Foi uma semana infernal.

Parecia que nada, absolutamente nada, estava livre do desastre.

A comunidade científica se focava na incrível nave e seus avanços tecnológicos, parabenizando Costa e sua equipe pelos progressos fantásticos. Era como se Enrique não existisse mais. Ou existisse apenas como motivo de risos por ter sido tão escandalosamente ludibriado. Ou alvo de críticas, pois suas atitudes haviam obrigado Costa a agir em segredo. O presidente do mundo aparecia todos os dias ao lado da equipe da base orbital e dos cosmonautas que não temiam radiações desconhecidas. A Terra estava novamente a um passo da conquista do espaço.

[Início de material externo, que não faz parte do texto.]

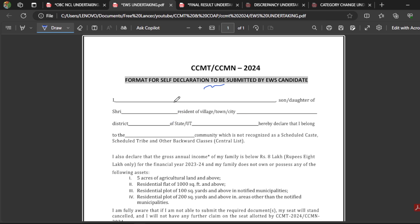Similarly, for the EWS undertaking, this is also a Self-Declaration form for EWS candidates. You have to fill it and upload it on the CCMT 2024 website if you don't have your EWS certificate. To repeat: if you don't have an OBC-NCL or EWS certificate during counselling and you are unable to produce it, then you have to fill this Self-Declaration form and submit it in the CCMT web portal.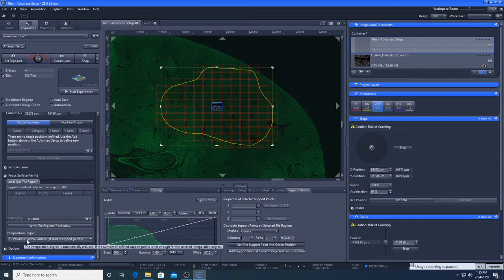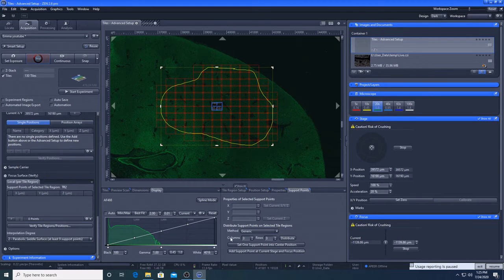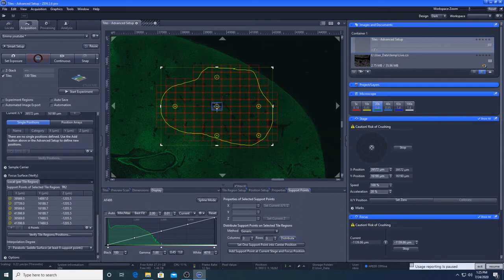I've just got this area here where the support points will go. So I want to make sure that it's parabolic saddle, at least nine support points. And then I'm going to use this bit 3x3 and I'm going to distribute those. So because it's not an exact square, it's not put on nine. So we're going to add on some extra ones.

As pessoas comuns estavam às gargalhadas com charges do doutor famoso usando moitas como banheiro. Também eram plateia cativa de suas ex-acompanhantes, que se revezavam alegremente em programas e entrevistas. Algumas eram mais incisivas, outras mais picantes, mas todas concordavam que o doutor Morales era egoísta, arrogante, machista, egocêntrico... Uma fraude medíocre e desprezível. Sua vida privada era exposta com detalhes para o planeta inteiro, e ele não era o mocinho das narrações. Bem ao contrário.

Sarah, esquecida pela mídia desde a separação, regressava como a genial matemática da EMAM responsável pelo retorno seguro da missão lunar. De repente, não era mais o famoso doutor Morales que dispensara uma esposa insignificante; era uma mulher mais brilhante do que ele que mandara passear o marido mulherengo e irresponsável. A parte do mulherengo irresponsável ficava bem caracterizada por sua tentativa de orgia na Ilha do Céu, justo no dia do aniversário de Sarah Duran. Que, significativamente, nunca assinara como Sarah Morales.

Não bastasse tudo isso, a mídia escolhera aquela semana para descobrir que a maior parte da fortuna do doutor Morales havia desaparecido. No primeiro momento, Enrique riu e chamou de besteira. No segundo, não achou tanta graça. Em seguida, constatou que era verdade. Nunca precisara se preocupar com posses ou em gerenciar seu patrimônio. Donasô sempre se encarregara. Quando a despedira, entregara a gestão financeira a uma firma bem conceituada, sendo então hábil e legalmente roubado. Muitas de suas patentes mais importantes haviam sido doadas à caridade, e agora Enrique via-se inacreditavelmente precisando se preocupar com dinheiro. Por um lado, era surrealista. Por outro, irritante. Seu tempo passou a ser ocupado por advogados, contadores e instituições financeiras.

Na sexta-feira à noite, sozinho em uma suíte de luxo, o doutor Morales se atirou numa poltrona assim que o último advogado saiu. Bancos não funcionavam nos finais de semana. Teria dois dias de misericordiosa paz.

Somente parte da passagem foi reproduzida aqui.